僕がもの言う時、書く時に使いたくない言葉
2009年、民主党の鳩山由紀夫が総理大臣になった。
直近に小沢一郎が党首をおろされていて、たまたま党首になったところに政権が取れたものだから、期せずして行政の最高責任者となった。
彼の口癖が「思い」
このような便利な言葉は伝染力が強い。
メディア露出度が高い総理大臣が使ったものだから、加速度的に日本に蔓延した。
立派なことを言いながら、それを「個人的意見」だと予防線を張り、立場としての責任を曖昧にする時に使う狡猾なことば。
それが「思い」
行動がまちがっている人が、言動で自己を正当化する時に多用する。
「思い」を口にする人の特徴は次の3つ。
■自己顕示欲が強い
■責任感が乏しい
■言葉が軽い
「思い」は2009年から無責任な人たちの間で急速に広まった。
以下はその記録だ。
2009年10月14日
鳩山首相
過去最高44兆円の国債発行に当たり
「赤字国債は本来なら発行すべきではないが、税収の落ち込み具合を勘案する必要がある。

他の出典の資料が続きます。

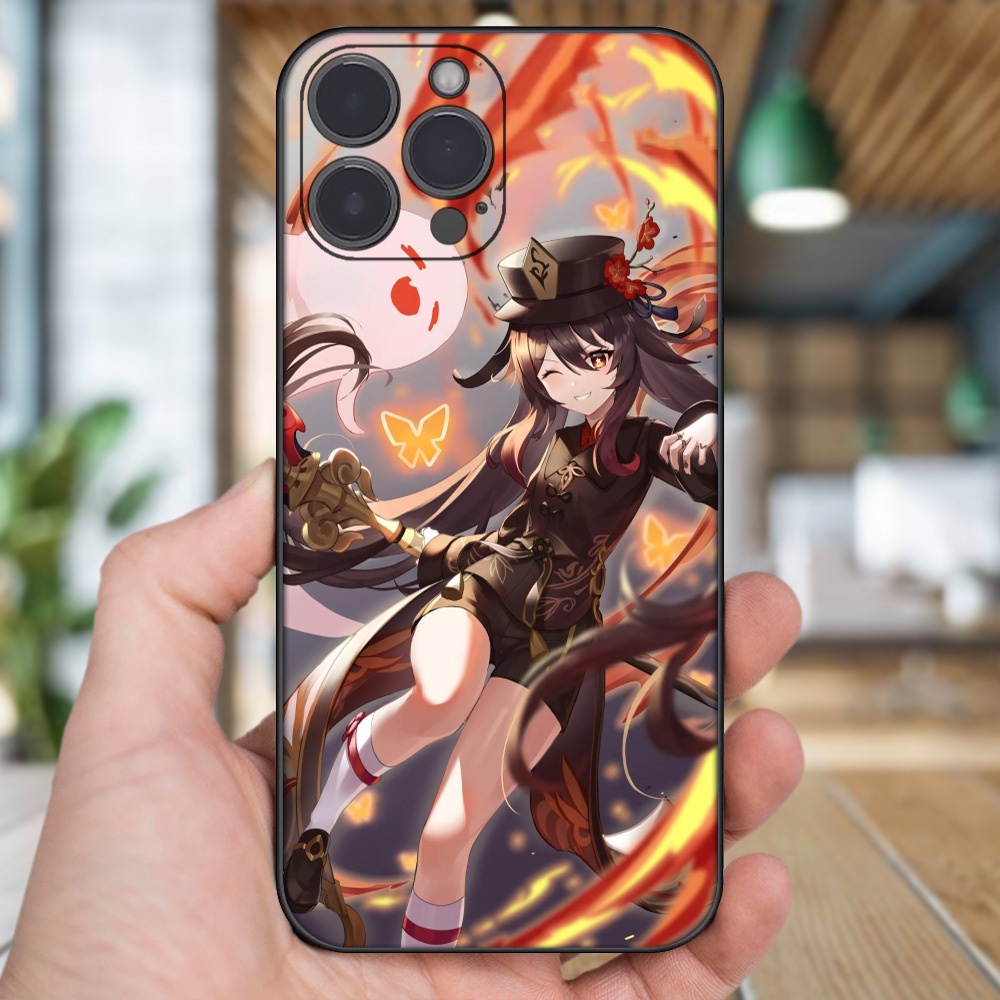 Ốp lưng iPhone 13 Pro Max dẻo đen cạnh vuông in hình Hutao Genshin Impact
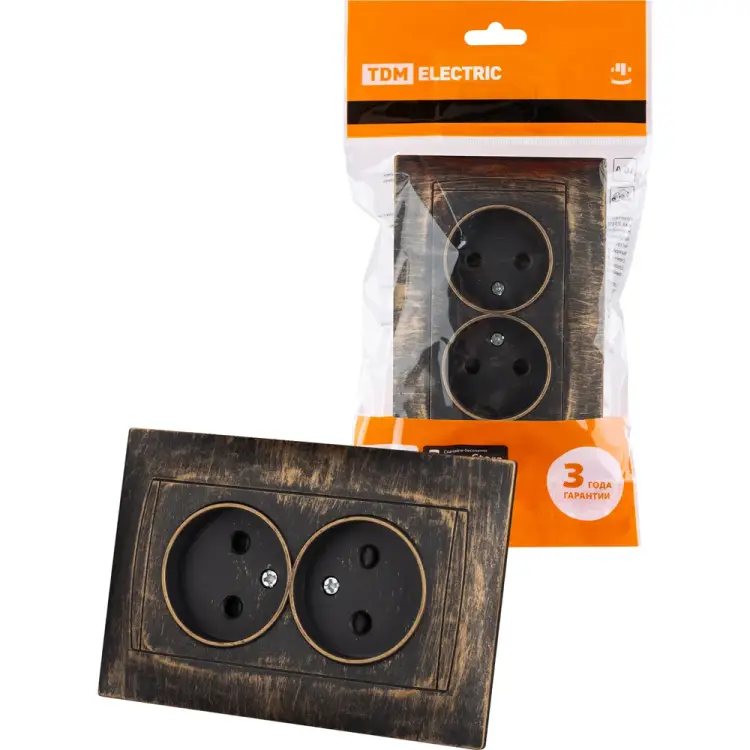 Двойная розетка TDM ELECTRIC Лама 2П 10А 250В с защитными шторками, старинная бронза SQ1815-0753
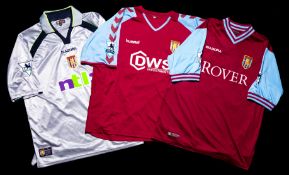 A group of three Aston Villa player issue jerseys,
i) a Mark Delaney grey away No.2 away, short-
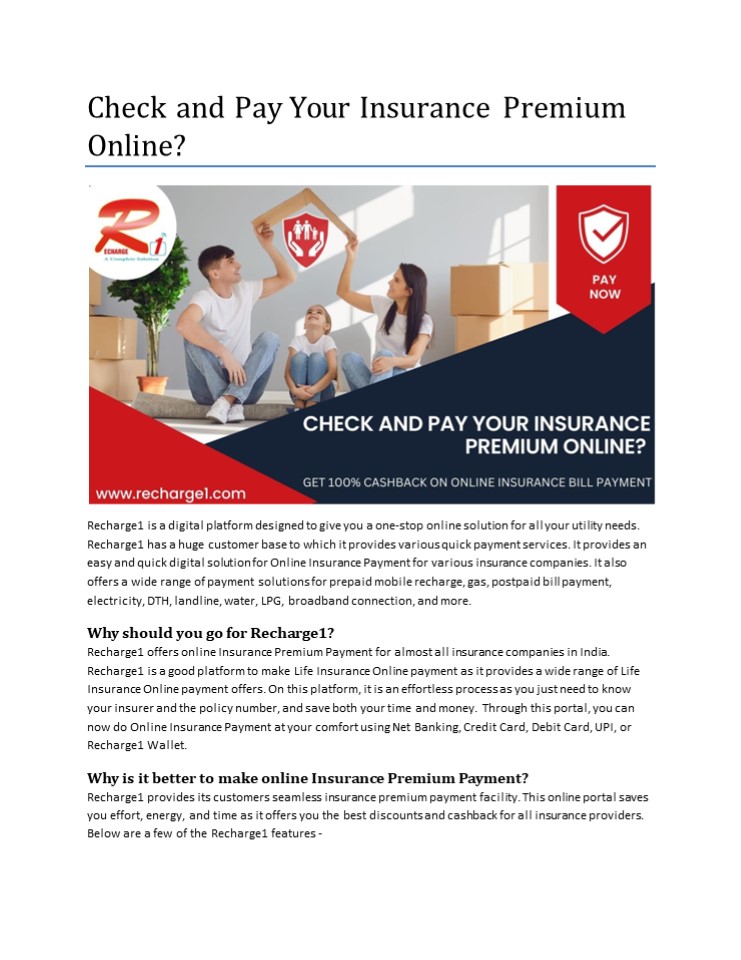 Check and Pay Your Insurance Premium  Online?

赤字国債は発行したくないという基本的な思いはある」
自分は「思い」を思っているぞ、まともな感覚の持ち主だぞ。と自己防衛しているのだが、その後の体たらくをみれば「思い」を口にする人の危うさが際立つ。
2010年1月23日
東京都江戸川区で7歳の男児が親から暴行を受けて死亡した事件を受けて
男児が通う学校長
「もっと注意深くしていればという思いがある」
文科相
「教育現場に、感度が低いという思いがある」
この2人は自己防衛していない。
だがその責任を曖昧にする(言葉の強さを和らげる)ために「思い」を使っている。
「もっと注意深くしていればと思う」
「感度が低いと思う」
と言えばよいことだ。
「牛丼並盛りです」を「牛丼並盛りになります」と言うように「思い」を婉曲表現として使っている。
「思い」を口にする人は、自分の言葉を持たない。
「思い」ブームが始まり、こんなシリアスな場面ですら「思い」で自己防衛してしまうことに慄然とした。